第36話 非感動的再会
朝方から既に、アンビエンテの街路は行き交う人々で大層賑わっている。辺境すなわち隣国との中継地点に位置する都市であるから、国内外からの出入りが激しく、何か催し物でもあるかのような人の混み具合が日常となっている。
今、宿屋の玄関から二人の男女が出てきた。オルゴとレベッカである。そのままの流れで人波に合流し、街路を並び歩く。黒い日傘の貴人が放つただならぬ迫力に通行人らは畏怖し、人混みの只中でも彼らの周囲だけは幾分か空いていた。
「ふあぁ」
とあくびするのはレベッカ。

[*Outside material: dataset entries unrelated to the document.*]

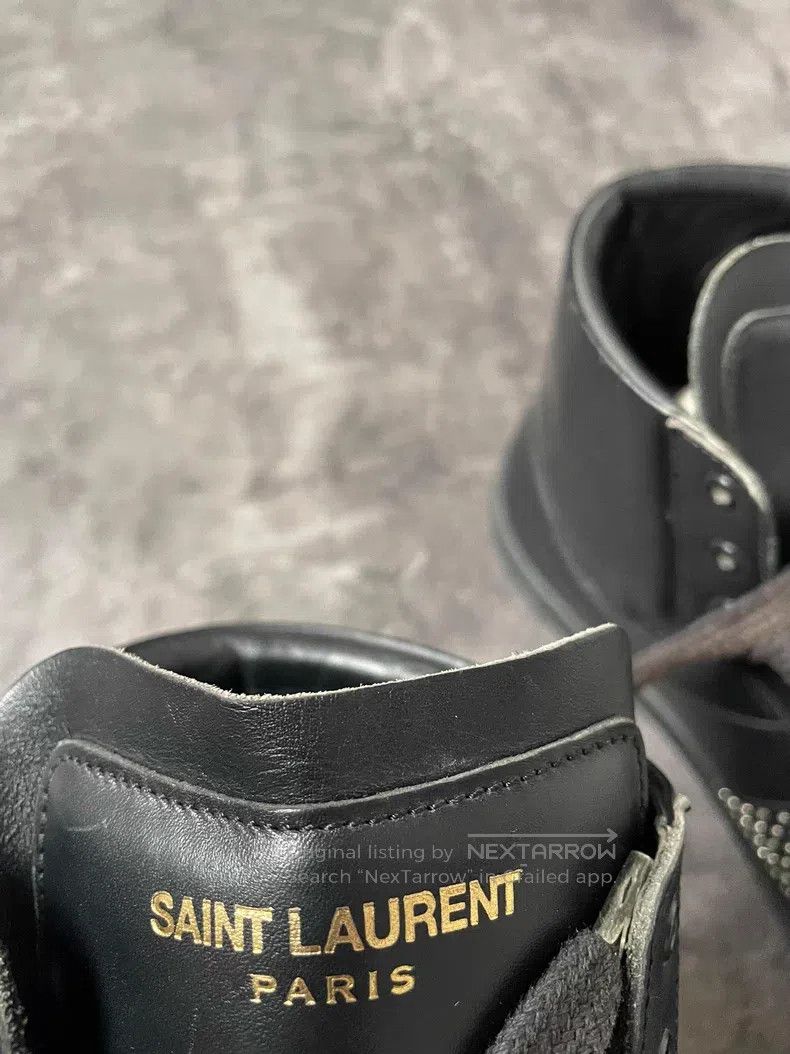 Saint Laurent Paris Saint Laurent Paris High-top black stud flat shoes Size US 6 / EU 39 - 5 Thumbnail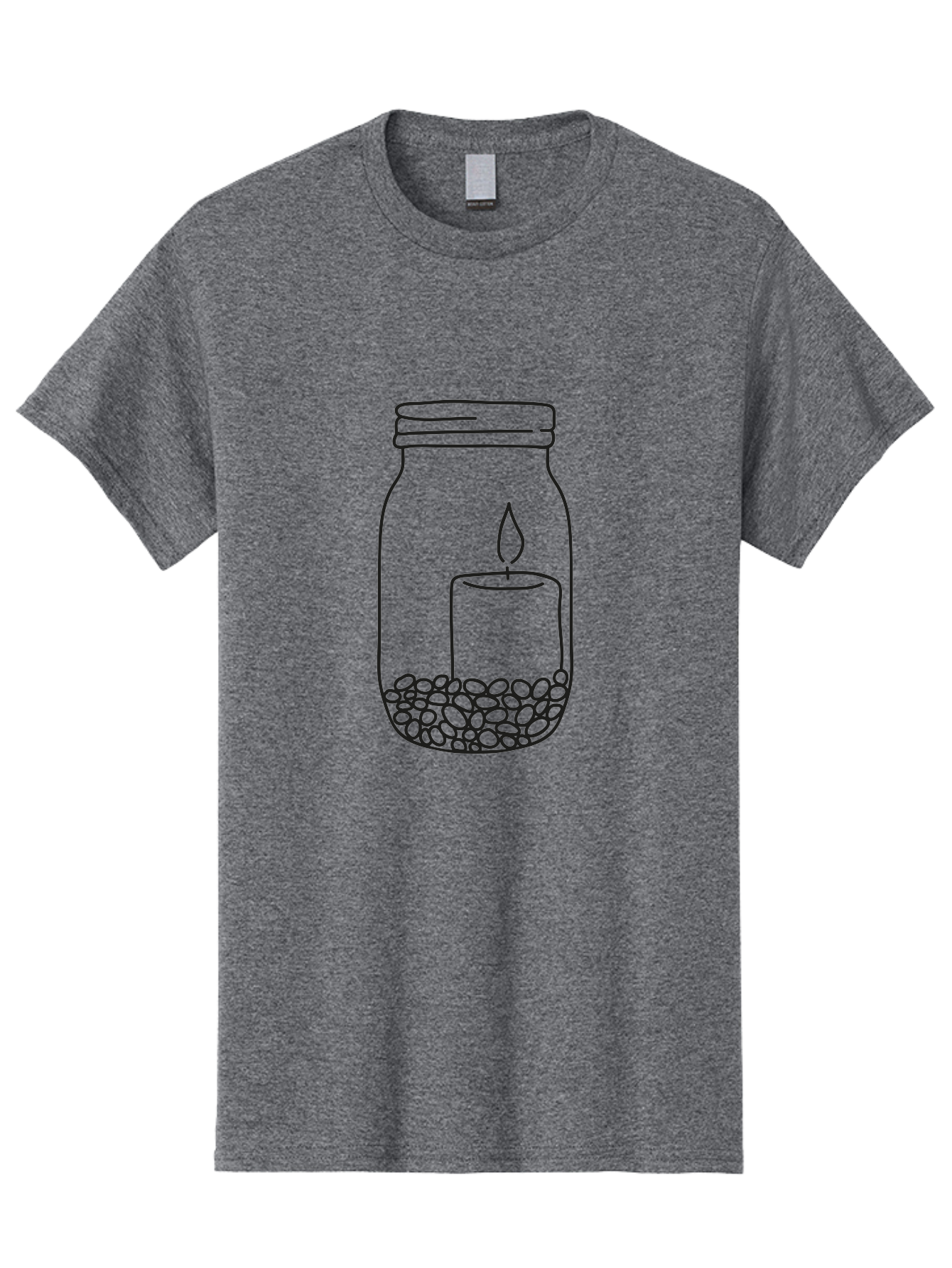 Candle-Jar Men'S Graphic Tee, 100% Cotton, Comfortable Casual Summer Wear, Machine Washable, Candle In A Jar, Lit Candle, Centerpiece, Stones At The Bottom, Relaxation, Meditation, Calming Ambiance, Peaceful Home Decor Aac200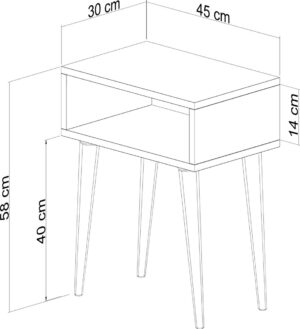 Soof & Tess Delon Nachttisch - Beistelltisch - Modern - Holz - Weiß / Braun - 35x45x58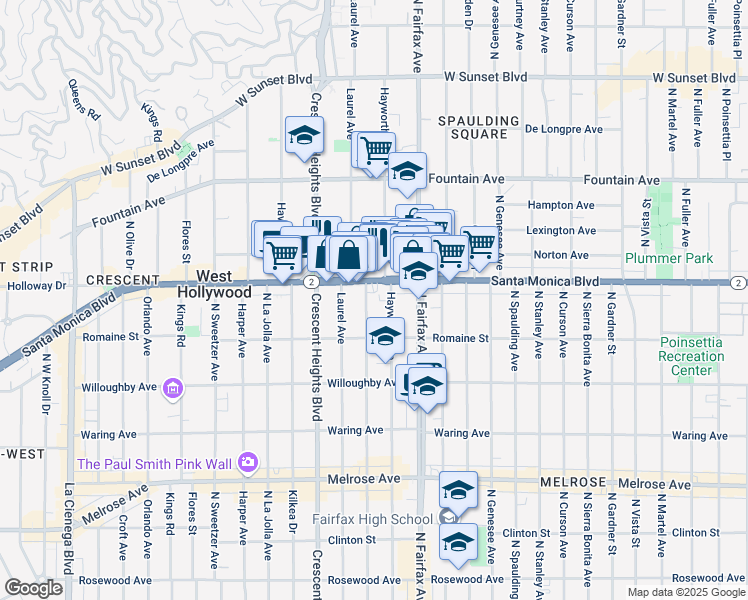 map of restaurants, bars, coffee shops, grocery stores, and more near 1050 North Edinburgh Avenue in West Hollywood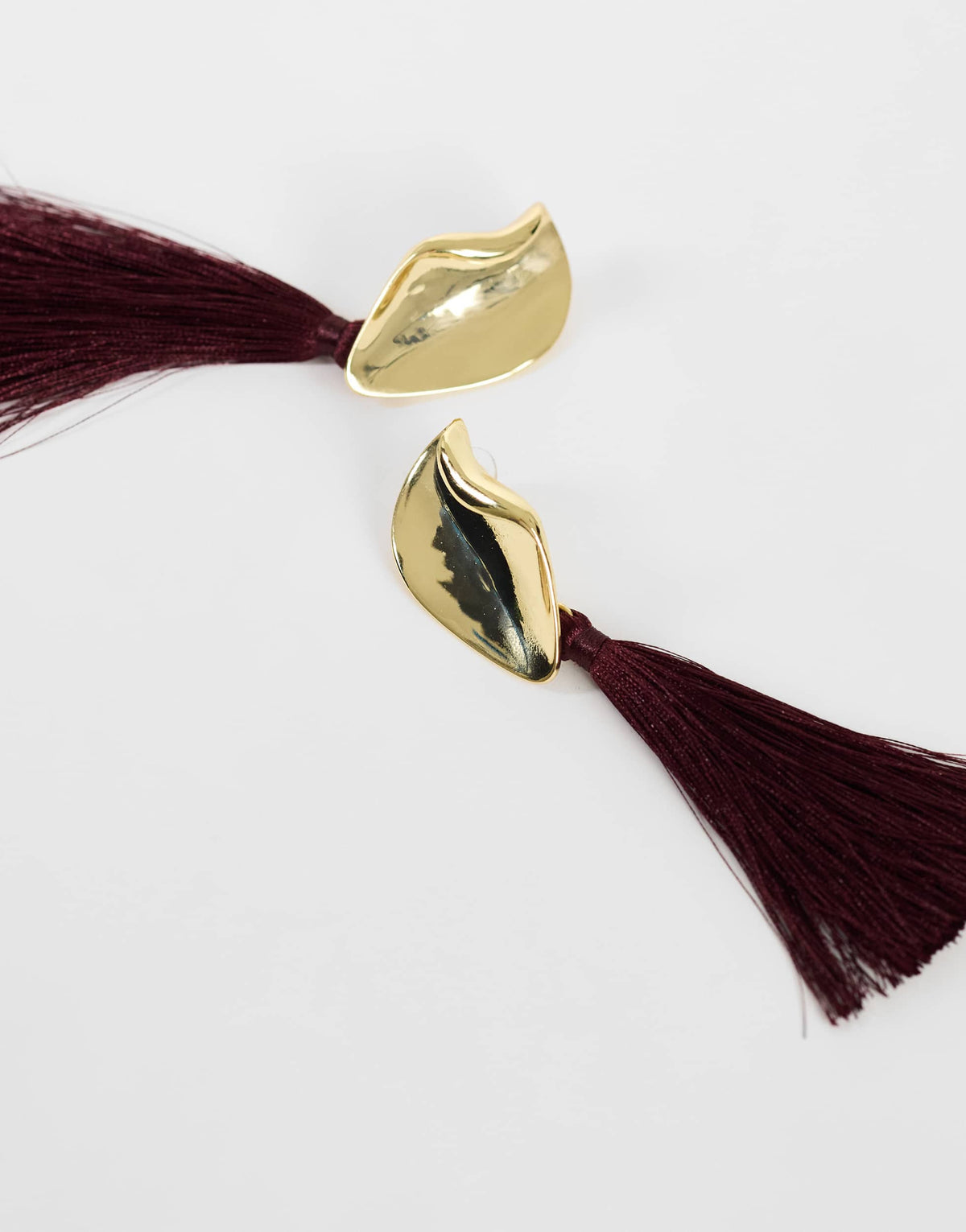 Topshop Emil studded statement tassel earrings in burgundy and gold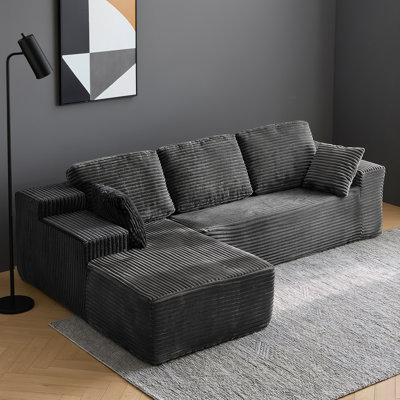104" L-Shaped Cloud Sectional Sofa with Oversized Chaise, Compression-Boneless Sofa,Modular 3-Seater Corduroy Couch for Living Room & Bedroom, Deep Seat No Assembly Required (gray, L Shape with left FacingChaise)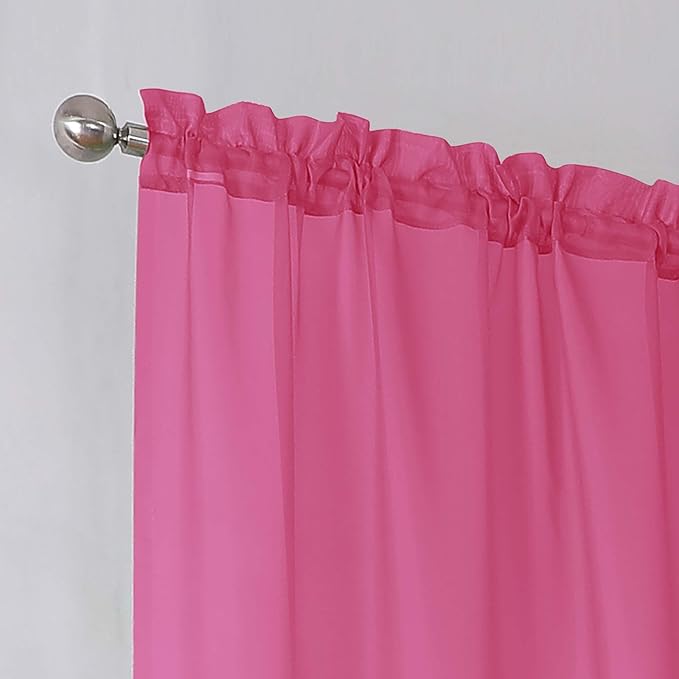Simplebrand Hot Pink Short Sheer Curtains 45 Inch Length for Small Windows, Rod Pocket 2 Panels Set Solid Voile Drapes Window Sheer Curtains for Bedroom Bathroom Kids Room Kitchen, 42x45 Inch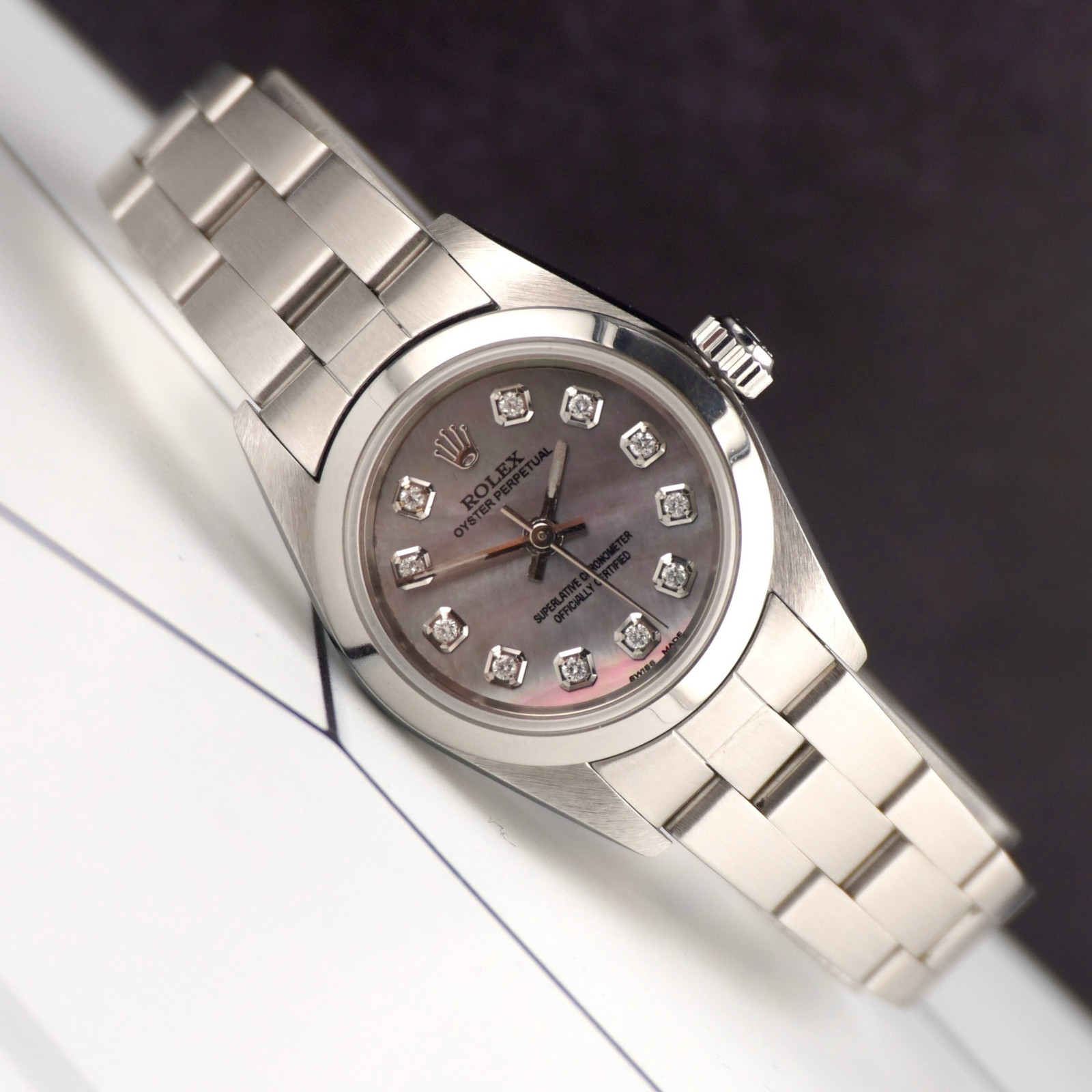 Rolex Oyster Perpetual 25mm Steel Black MOP Diamond Smooth Oyster Watch 67180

手で覆いつつ大口を開け、ムニャムニャと唇をすり合わせる。
「目覚めて早々にあくびか?」
オルゴは隣人をジロリと見下ろす。「旅路がひと段落したとは言え、いささかたるみ過ぎというものだ。鞭でもくれてやろうか」
「デスタルータさんが寝かせてくれないからですよぅ」レベッカは自身の首元をさすりつつ反駁する。「今から寝ようって時に部屋に来て、がっついてきたじゃないですか」
おやおや、と通行人らの注目が二人に集まる。年端もいかない男女が朝っぱらから痴話喧嘩かしら、ゆうべはおたのしみでしたね――という塩梅に。
「生理現象なのだ仕方なかろう」すかさず開き直るオルゴ「貴様は貴様で、眠りたいなら眠っておれば良かっただろうが」
「勝手にやるから黙って眠ってろって? 吸われながらそんな器用なこと出来ないですよ。……せめて子どもが見ていないところでしましょうよ。教育に良くないですよ」
これはこれは…………と、通行人らの微笑みが一層濃くなる。もう二人の間には赤ん坊がいるらしい。今もきっと腕に抱えていることだろうから、ちょっと拝ませてもらおうか——————と。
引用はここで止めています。